- [Exercise details]
Omit all pictures, and print word for word only the lines from the one containing "this 250×188 image." through the end of the data.

Collected data:
-.-.-

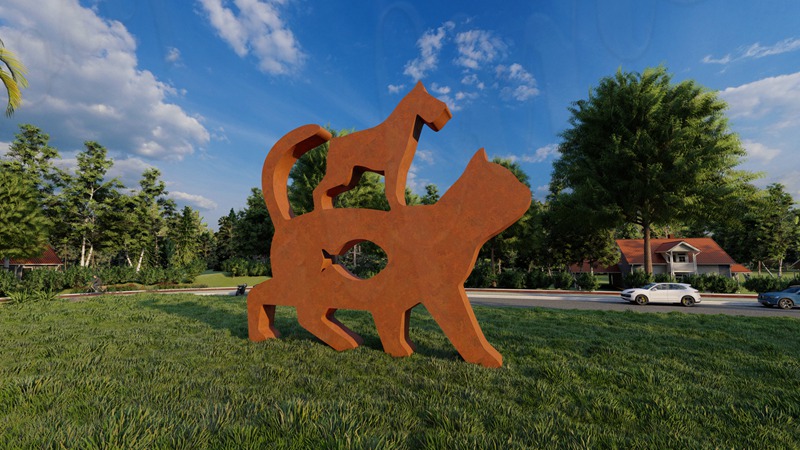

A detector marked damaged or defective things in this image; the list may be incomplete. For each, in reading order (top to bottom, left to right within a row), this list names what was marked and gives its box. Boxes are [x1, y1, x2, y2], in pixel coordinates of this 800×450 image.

rust patina [247, 82, 528, 368]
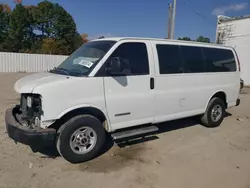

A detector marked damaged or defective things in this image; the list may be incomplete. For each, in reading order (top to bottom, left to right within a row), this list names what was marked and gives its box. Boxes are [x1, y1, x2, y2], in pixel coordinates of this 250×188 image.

front end damage [4, 94, 56, 148]
damaged front bumper [5, 108, 56, 148]
damaged white van [5, 37, 240, 163]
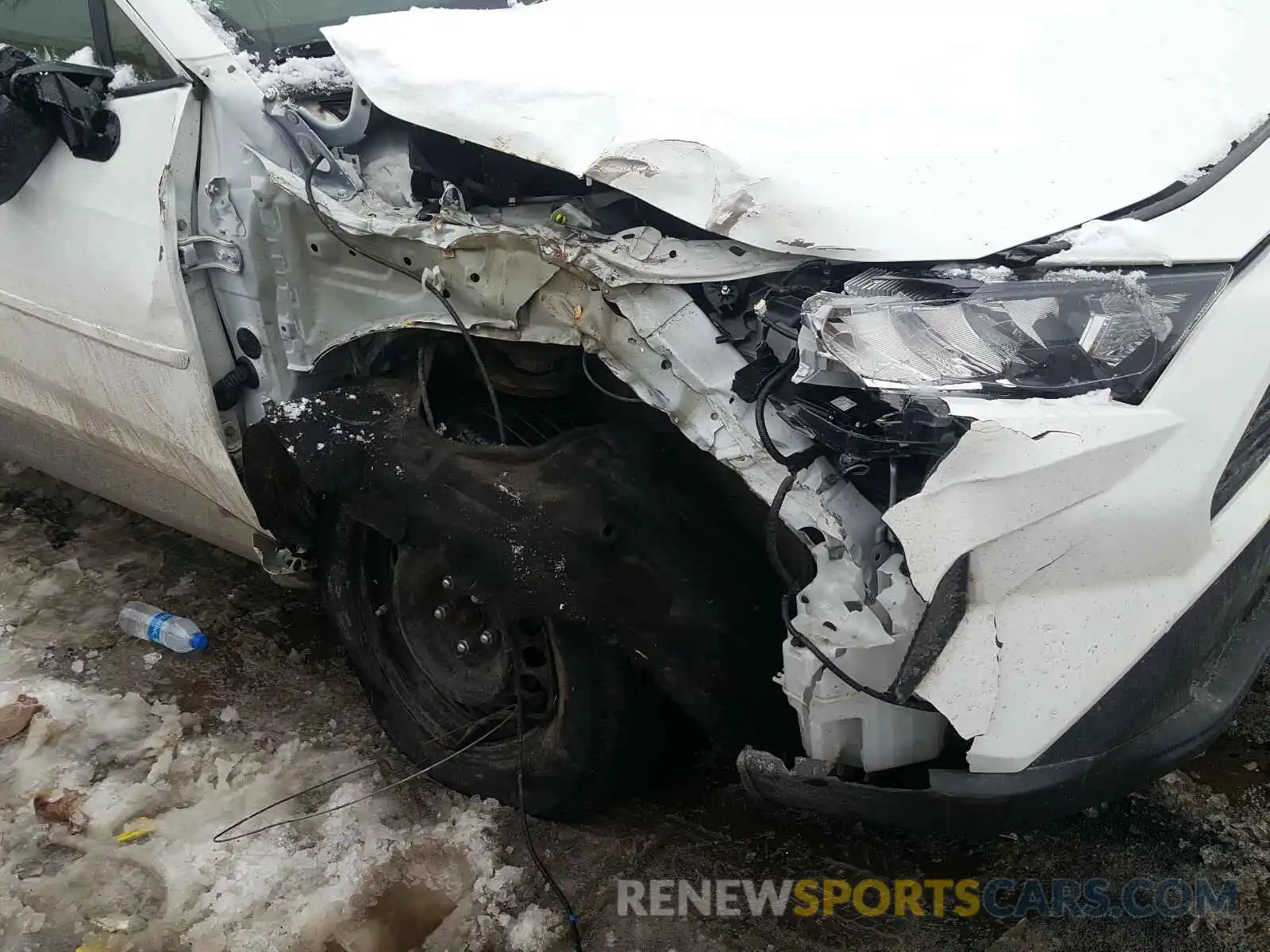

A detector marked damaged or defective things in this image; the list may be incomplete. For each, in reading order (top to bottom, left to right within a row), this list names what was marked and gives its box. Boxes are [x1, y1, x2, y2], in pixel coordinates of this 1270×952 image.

torn white metal panel [322, 0, 1270, 261]
crumpled hood [325, 0, 1270, 263]
damaged front end of car [229, 35, 1270, 827]
broken headlight housing [802, 267, 1229, 401]
torn white metal panel [883, 396, 1178, 604]
detached bumper cover [741, 517, 1270, 838]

-.-.-

- [Response to this exercise]
A detector marked damaged or defective things in this image; the list may be incomplete. For each, in reading order (top to bottom, left to right within a row), this list names what was marked and gives its box. Boxes are [x1, y1, x2, y2], in pixel coordinates of this 250×188 image.

front end damage [4, 94, 56, 148]
damaged front bumper [5, 108, 56, 148]
damaged white van [5, 37, 240, 163]

A detector marked damaged or defective things in this image; the list may be incomplete. For each, in reading order (top to bottom, left to right within a row), this list names what was marked and gives its box. Boxes are [x1, y1, x2, y2], in pixel coordinates of this 1270×952 image.

torn white metal panel [322, 0, 1270, 261]
crumpled hood [325, 0, 1270, 263]
damaged front end of car [229, 35, 1270, 827]
broken headlight housing [802, 267, 1229, 401]
torn white metal panel [883, 396, 1178, 604]
detached bumper cover [741, 517, 1270, 838]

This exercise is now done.